In today’s on-the-go lifestyle, consumers have sought instant gratification from cents off gas, buy-one-get-one products and scratch-off lottery tickets. Energy drinks are the latest convenience trend offering customers what they want – quick relief from mental and physical fatigue. Hundreds of products are available each with their own unique blend of ingredients in ready-to-drink, shot and powdered form. Energy drinks contain caffeine in combination with other presumed energy-enhancing ingredients such as taurine, ginseng, guarana, yerba mate, herbal extracts and B vitamins. They are tailored to invite every type of consumer with countless flavors and varieties, providing the consumer an immediate and detectable shot of stimulation. Retailers are devoting more shelf space to energy drinks as they are steadily outperforming carbonated soft drinks in sales and are delivering healthier profits. The popularity and continued growth in sales can be attributed to the diverse range of new & innovative varieties, which does not appear to be slowing down any time soon.
Increased sales occurs either through expanding your customer base or getting more business from your existing customers. Customer growth is a huge undertaking and is invariably expensive. Therefore it is imperative to get your existing customers to buy more on each trip or buy more frequently.
If you expect customers to be loyal, then you must show them how determined and committed you are to your own business to earn their business. It is important to surround yourself with competent, customer-friendly employees that will follow in your footsteps. Keeping a quality staff is imperative to keeping a loyal customer base. Mentor them to do as you say and do as you do.

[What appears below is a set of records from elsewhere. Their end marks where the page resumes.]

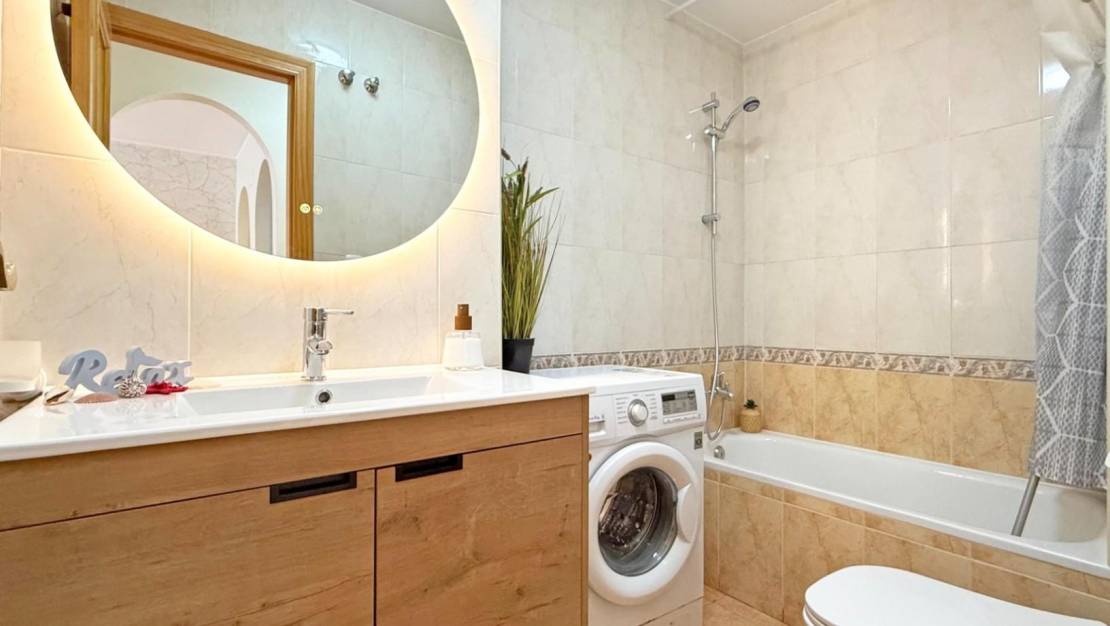 Sale - Apartment - Torrevieja - Estacion de autobuses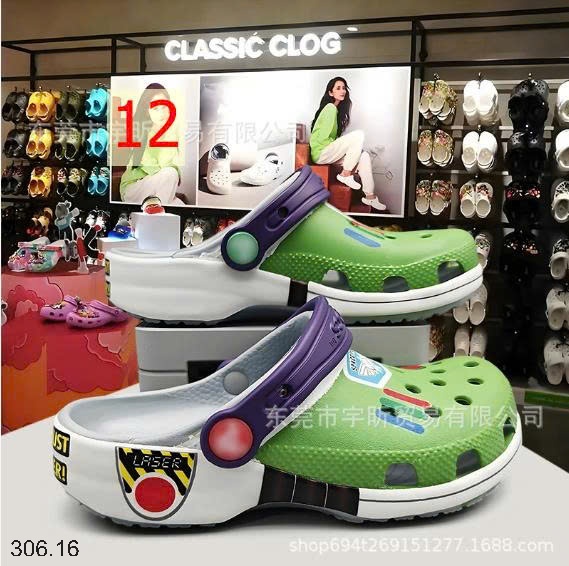 25HA306.16 - SỤC CROCS HỌA TIẾT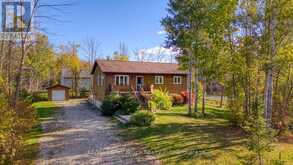 104 MAPLE DRIVE | Miller Lake Ontario | Slide Image Forty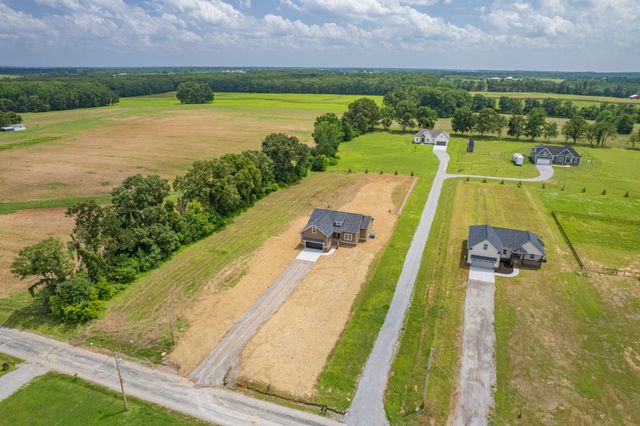 370 Dugout Rd, Summertown, TN 38483
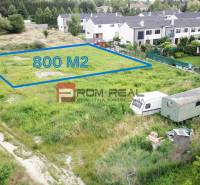 Pozemky na bydlení v Mariance na ulici Na Ovsisku, 800 m², vedle domů.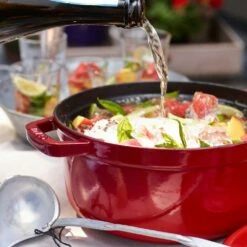 Staub Rund Gryde I Støbejern 8,35 L, Kirsebær 11 Staub Rund Gryde I Støbejern 8,35 L, Kirsebær -Køkkenudstyr Butik staub rund gryde i stbejern 835 l sort 9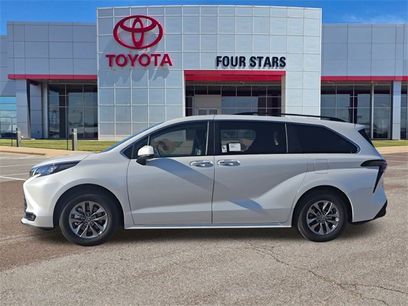 New 2025 Toyota Sienna XLE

Keep the exterior of your location up to par, sweep up those cigarette butts, clean the windows and take care of any gas spills. Have a logical store layout and maintain organization, “a place for everything and everything in its place.” Customers do not want to waste time hunting for what they need. Make sure the shelves are clean and fully stocked. Half empty shelves and dusty products do not make a very good impression. Greet customers promptly when they enter your store. Learn and use their name. Once you are acquainted, ask them how they are, what is happening with their live and families, etc. Learn what they buy and offer new products and merchandise you feel will appeal to them. Building a genuine relationship with your customers will make it hard for them to shop anywhere else.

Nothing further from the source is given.